Bugünün çoklu kanal perakendecilerinin dayanıklılıklarını arttırmaları ve kârlı büyümeleri için çevik bir organizasyona ve yalın bir yapılanmaya ihtiyaçları var. Omnikanal perakendeciliği operasyonel karmaşıklığı daha da arttırmış durumda. Örneğin, bir perakende zincirinin kaç adet mağazası olması gerektiği sorusunun yanıtı, zincirin tümünden elde edilen işlemsel verilerden elde edilecek içgörülerde yatıyor. Kısacası, oyunun adı salt hissiyata ve/veya deneyime dayalı değil, veriye dayalı karar vermektir. Düşük marjlı ürünleri stokta tutmanın maliyeti, sınırlı süreli veya bozulacak ürünlerin stok oranları gibi verilere bakarak elde tutulan stokların kârlılığının tam anlaşılması gereklidir. Satın almalar, kampanyalar ve satış, bu verilere göre planlanmalıdır. Dijital olarak tutulan veriler üzerinden veri analitiği yöntemleri ile yapılacak öngörüsel analizler ve modellemeler, isabetli kararlar almak için gerekli iç görüleri sağlayacaktır.

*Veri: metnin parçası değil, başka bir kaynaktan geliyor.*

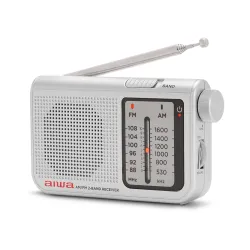 Radioodbiornik Aiwa RS-55/SL Radio FM Srebrny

Perakendecilikte gerçek verinin bulunduğu bir başka çok değerli kaynak, saha yani mağazalardır. Nümerik olanların yanı sıra, saha çalışanlarından elde edilecek kalitatif verilerin derlenmesi, paylaşılması ve analiz edilmesi, karar süreçlerine çok değerli katkı yapacaktır. Bunun için sahadan verinin eksiltilmeden, çarpıtılmadan, abartılmadan doğru aktarımını sağlayacak süreç tanımlamaları ile bilginin rahatça paylaşılmasını sağlayacak gerekli güven ortamının yaratılması, ödüllendirme araçlarının uygulanması gerekir.

Tutarlılık ve Esneklik
Cranfield Üniversitesi’nden Prof. Denyer’in örgütsel dayanıklılık konusundaki araştırma raporu, konuya dair önemli ipuçları ve yönlendirmeler içeriyor.6 Rapordaki tanımı kullanırsak perakende şirketinin dayanıklılığı arizi değişimlerin yanı sıra belirsizliklere, karışıklıklara ve kesintilere karşı bunları öngörebilme, hazırlıklı olma, tepki verme ve adapte olma kabiliyetidir. Bu bağlamda da şirketlerin örgütsel dayanıklılık yaratma çabalarını bir tarafta savunmacı veya ilerletici yaklaşımı seçmeleri, diğer tarafta da tutarlılık veya esneklik perspektifine odaklanmaları oluşturur. Bu dört yaklaşımı 2×2’lik bir matris gibi düşündüğümüzde esasen şirketler dört ayrı yol ile dayanıklılıklarını arttırabilirler: (1) önleyici kontrol (tutarlılık perspektifinde savunmacı), (2) düşünceli aksiyonlar (esneklik perspektifinde savunmacı), (3) performans optimizasyonu (tutarlılık perspektifinde ilerletici) ve (4) uyarlanan inovasyon (esneklik perspektifinde ilerletici). Burada belirtilen rakamsal sıralama da esasen şirketlerin ilerleme yollarına işaret eder. Sonuçta, bahsi geçen dört yaklaşımın birbirinin alternatifi olmadığını, aksine birbirini tamamladığını unutmamak gerekli. Dolayısıyla şirketler bu dört yaklaşımı doğru bir denge içinde uyguladıkları takdirde dayanıklılıklarını arttıracaklardır.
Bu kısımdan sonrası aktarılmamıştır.